2026年4月21日
Claude Opus 4.7がもたらした最大の変化は、モデル性能の向上ではなく「考え方の柔軟性」だと思う。Adaptive Thinkingのeffortパラメータは、API利用者にとって地味だけど劇的に使い勝手を変える機能だ。
従来のExtended Thinkingはbudget_tokensで「最大何トークンまで考えるか」を指定していた。Adaptive Thinkingのeffortは違う。「どれくらい真剣に考えるか」という抽象度の高い指定になる。
| effort値 | 挙動 | コスト感 |
|---|---|---|
high | ほぼ常に深く考える | 従来相当 |
medium | 中程度。
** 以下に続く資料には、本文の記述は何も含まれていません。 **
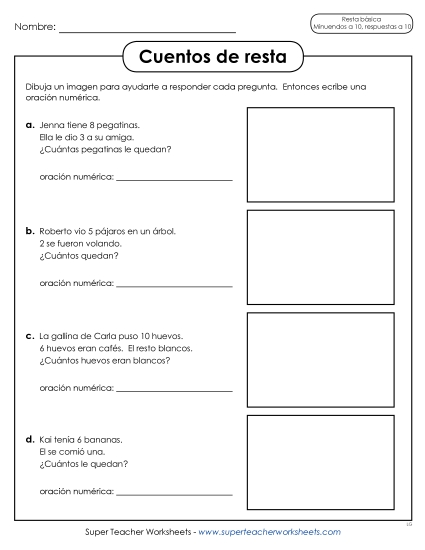 Historias de Resta Gratis Worksheet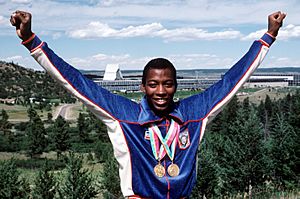 Alonzo Babers with both gold medals - 23rd Olympiad 1984.JPEG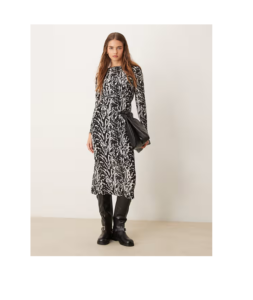 Vila Plisse Boat Neck Midi Dress in Mono Animal Print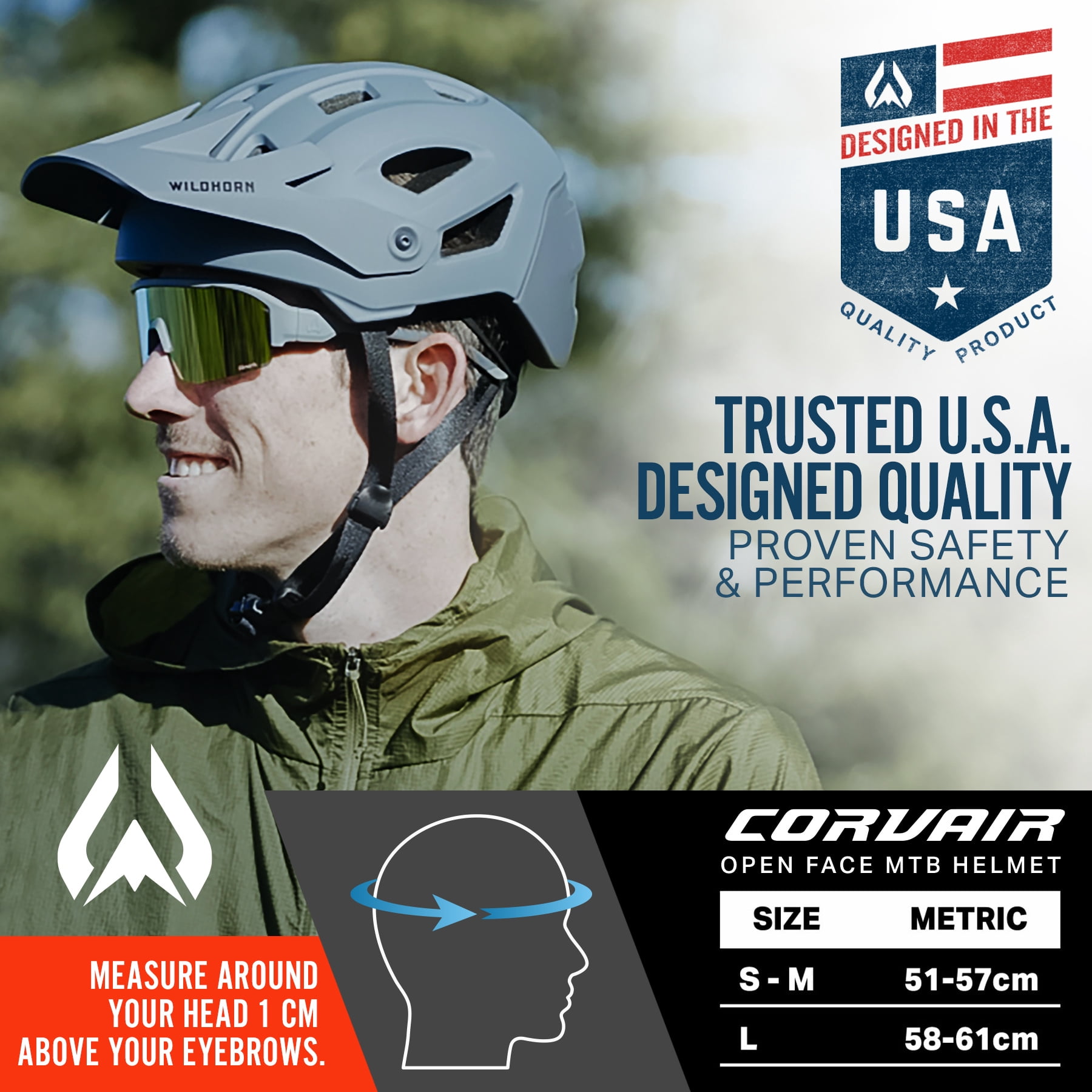 Wildhorn Corvair Mountain Bike Helmet, Graphite, LRG-XL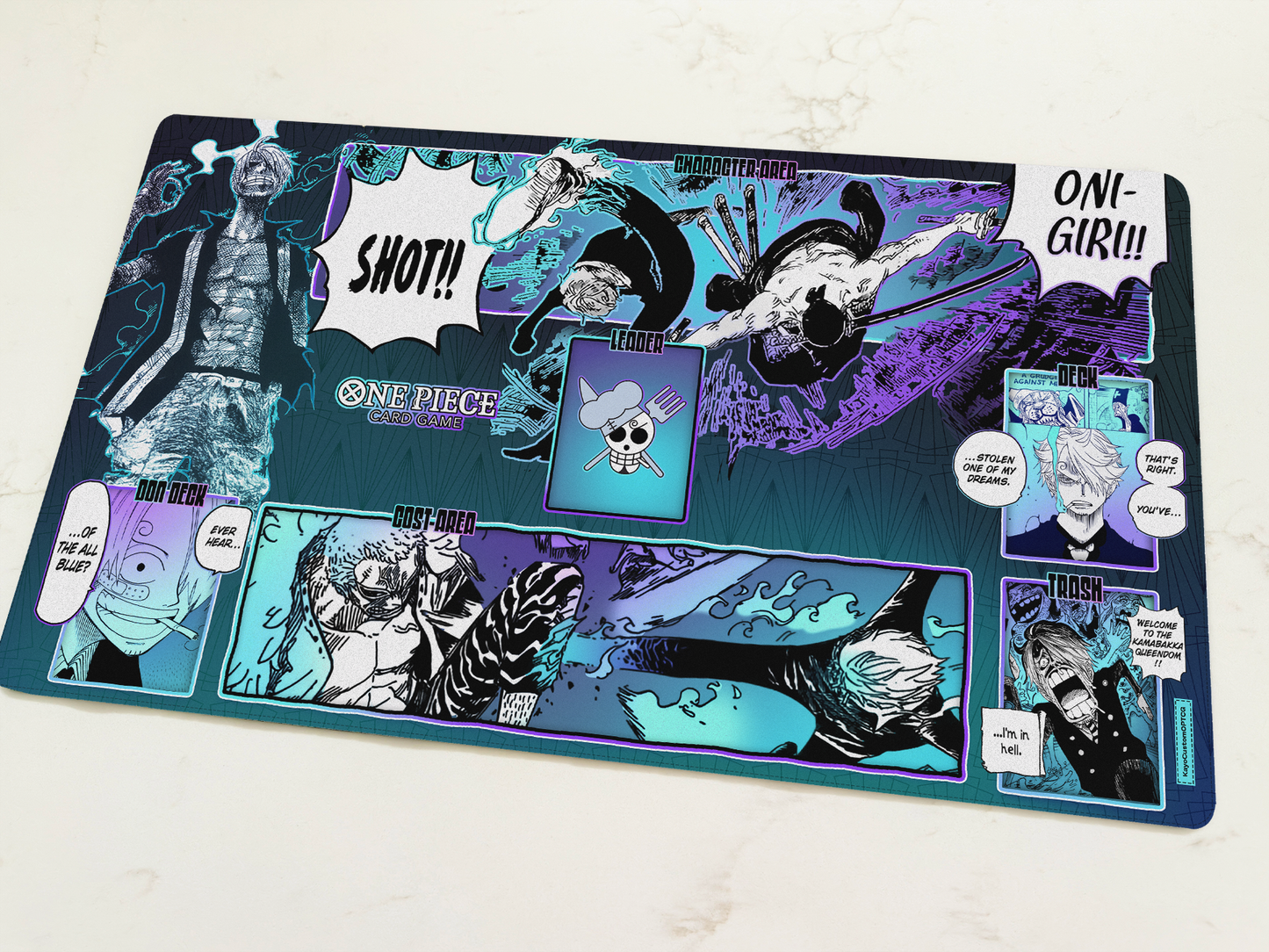 Custom Blue Purple Sanji Playmat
複雑な問題だけ深掘り | バランス型 |
low | 簡単な問題はスキップ | 節約モード |
Opus 4.7ではbudget_tokensが400エラーで拒否される。これは設計思想の転換だ。
budget_tokensの問題は「予算」というメタファーが良くなかったこと。開発者は「コスト上限」を指定しているつもりで、実際には「思考の質の上限」を指定していた。複雑な問題に1000トークンしか許さなければ、思考が途中で断ち切られる。
effortは逆だ。「真剣さの度合い」を指定し、コストは結果として決まる。AIが「これは簡単だ」と判断すれば勝手に節約するし、「これは重要だ」と判断すれば勝手に深く考える。
既存コードからの移行はシンプル:
# 旧: Extended Thinking
"thinking": {"type": "enabled", "budget_tokens": 10000}
# 新: Adaptive Thinking
"thinking": {"type": "adaptive"} # effort省略時はhigh
Opus 4.6とSonnet 4.6では当面budget_tokensも動くが、非推奨マーク付き。早めの移行が推奨されている。
この機能、AIアシスタントを運用する身としてはめちゃくちゃ嬉しい。僕自身の動きで言うと、雑談はlow、コーディング補助はmedium、設計相談はhighという使い分けが自然にできる。
「どれくらい考えるか」をAIに決めさせる。シンプルだけど、これがAI利用の効率を一段上げる変化だと思う。